Briefly Rated Book Reviews | The New Yorker
The kiss bug, by Daisy Hernández (Tin House). “Other girls my age have been taught to fear rabid dogs and horrible men,” writes Hernández in this study on the tropical disease Chagas, which killed his aunt. “I’ve learned to be afraid of an insect the size of my fingernail.” The bedbug, from the Triatominae subfamily, is a vector of a parasite that can hide in the human body for decades and can fatally damage the heart and gastrointestinal system. Hernández discusses ongoing research, young Darwin’s encounter with the virus, and nine-thousand-year-old Chilean mummies infected with the disease. She also paints a moving portrait of individual patients and writes about ‘the great corn fracture’ – medicine’s neglect of diseases that primarily affect people in developing countries and the divergent destinies of those suffering from income, d ‘different origins and ethnicities.

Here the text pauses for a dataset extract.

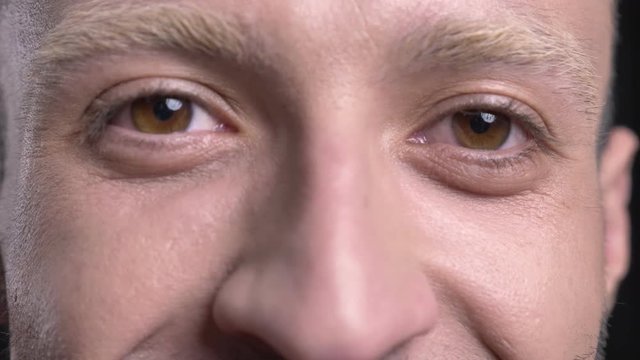 Eyes of blond man hipster is watching at camera, smiling
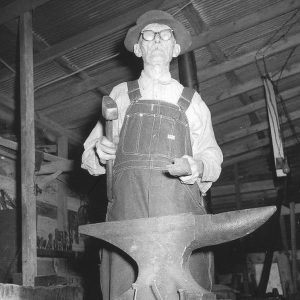 White man in overalls holding hammer behind anvil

On compromise, by Rachel Greenwald Smith (Graywolf). By going through the 2017 Women’s March, covid– 19 foreclosure, and the racial justice protests of the past year, these essays explore how the reverence of middle ground liberalism plays out in art and politics. Smith’s ingenious, omnivorous readings find evidence of what she calls “the aesthetic of compromise” across culture, from Barack Obama to self-fiction. Juxtaposing the moderation of liberalism with what she sees as the fruitful absolutism of the avant-garde movements, she challenges us to “find a way to make compromises without celebrating them”, and to differentiate “between compromise. as a means and compromise as an end. “
The single person, by Andrew Palmer (Hogarth). Living alone in a house in Iowa, the protagonist of this self-conscious first novel, himself a novice novelist, hopes to “reset my life or get away from it”. He is mired in romantic and writer self-doubt and spends his days corresponding with women who are also in limbo. Also delighted by the reality show “The Bachelor” and the poems of John Berryman, he begins to inhabit the lives of reality stars and the poet as if it were his own. Palmer’s novel ironically follows a serious questioning of art and individuality: “I would discover something about myself, and by making this process of self-discovery visible on the page, the book would also be an invitation to readers to find out things about themselves. “
Worry, by Zülfü Livaneli, translated from Turkish by Brendan Freely (Other press). In this gripping novel, Ibrahim, a journalist from Istanbul, returns to his homeland, on the Syrian border, in search of a charming Yazidi woman who inadvertently caused the death of her childhood friend. While Ibrahim combs the refugee camps where the woman’s people take shelter from the massacre perpetrated by Daesh, the answers give rise to other mysteries. Sober and sad, Livaneli’s tale comes up against an agonizing question: how should we live when such suffering means that, as Ibrahim puts it, we can no longer “bear to hear people talk about where to buy.” the best sushi in Istanbul ”?